改修を計画しているのは、繁華街・伊勢宮の近くで、築約100年になる木造一部鉄骨平屋建ての「舟木鐵工所」(約36平方メートル)。船や特殊ボイラーの機械部品の製造、修理を個人で請け負っていた2代目の舟木保夫さん(享年89)が2020年6月に亡くなり、工場をたたんだ。
どっこい舎のメンバーは街中の立地で歴史を感じさせる風情ある外観に引かれ、工場の存在が以前から気になっていた。所有者の舟木さんが亡くなったことを知り、遺族からは今後についてどうすればいいか分からないと打ち明けられ、活用を申し出た。
「急な仕事の注文にも嫌がることなく対応し、徹夜で仕上げていた」「部品1個単位の注文から引き受け、発注する業者にとってはお医者さんのような存在」―。
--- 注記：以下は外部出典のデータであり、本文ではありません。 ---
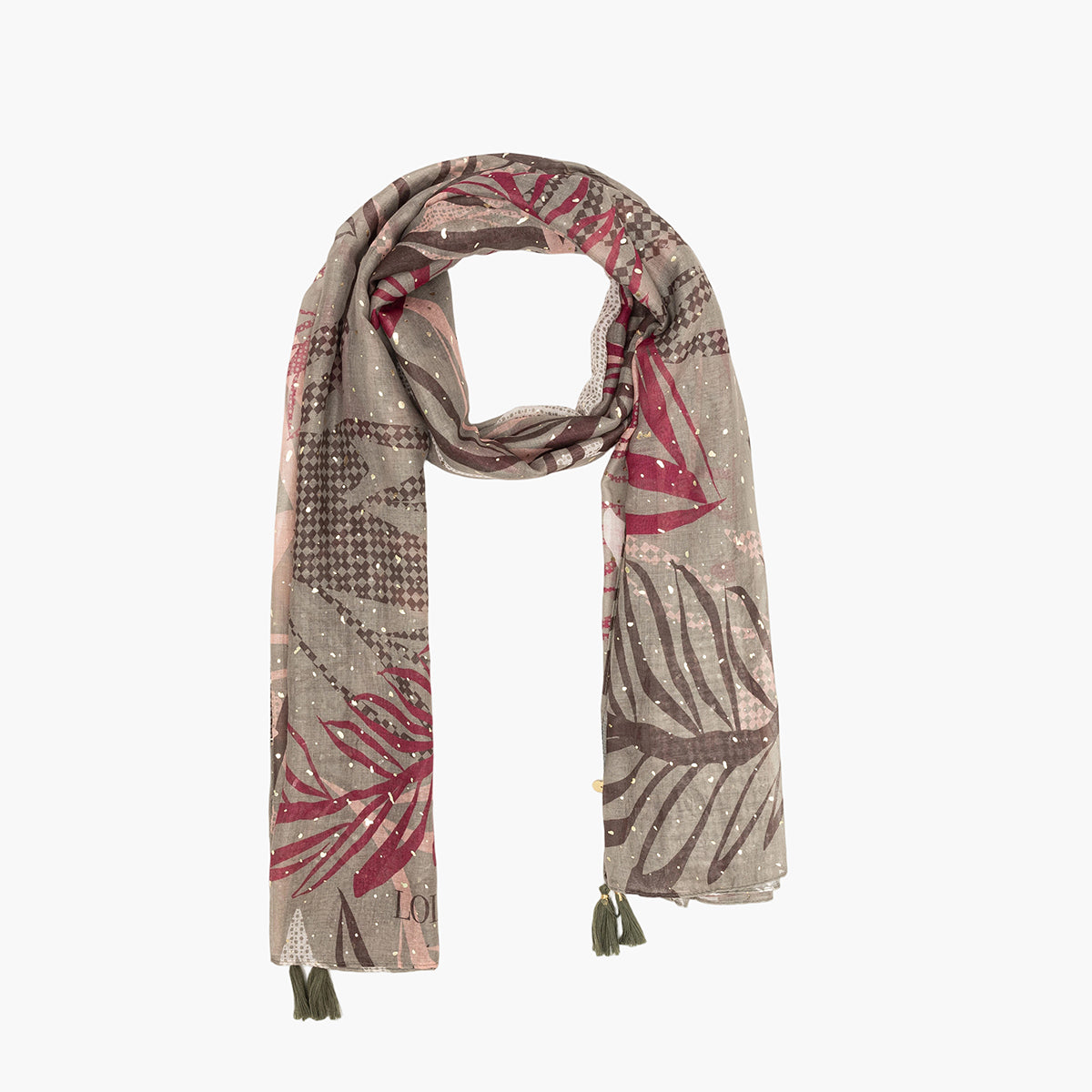 Foulard rectangulaire kaki Teisha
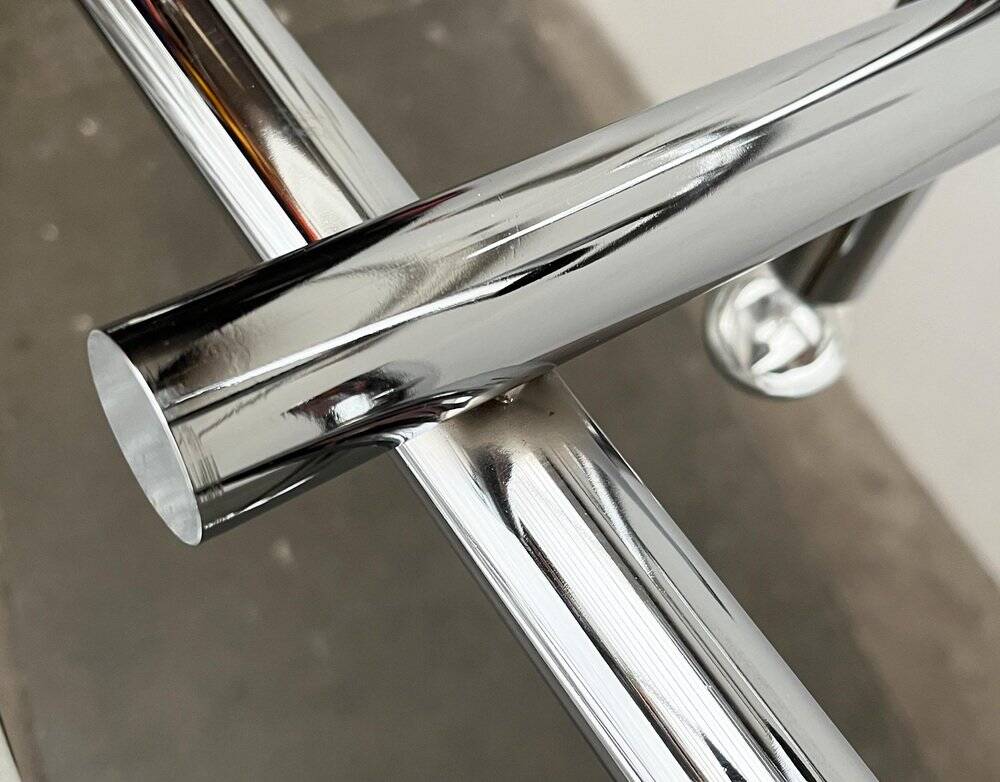 Minimalist chrome ceiling lamp from the mid-century space age by Temde, Switzerland, 1960s.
メンバーがかつての取引先などに聞いて回ると、仕事に打ち込む舟木さんの姿が浮かび上がり、ものづくりに注いだ情熱を引き継ごうと考えた。
レンタルスペースの開所は4月を目標にする。利用者は備え付けの機具や、建築士の梶田さんの道具を使えるようにする。コロナ禍の巣ごもり需要で流行したDIYブームに乗じ、高価な道具を持ち合わせない人たちに広く利用してもらう計画だ。
作業が手伝えるよう、メンバーはアーク溶接の資格も取得した。どっこい舎オリジナル鉄製品の販売や、舟木さんの愛用品の展示も企画する。梶田さんは「実直で丁寧で、仕事に対して一心に向き合っていた舟木さんのことを伝えながら、再びこの場所が活躍するようにしていきたい」と話している。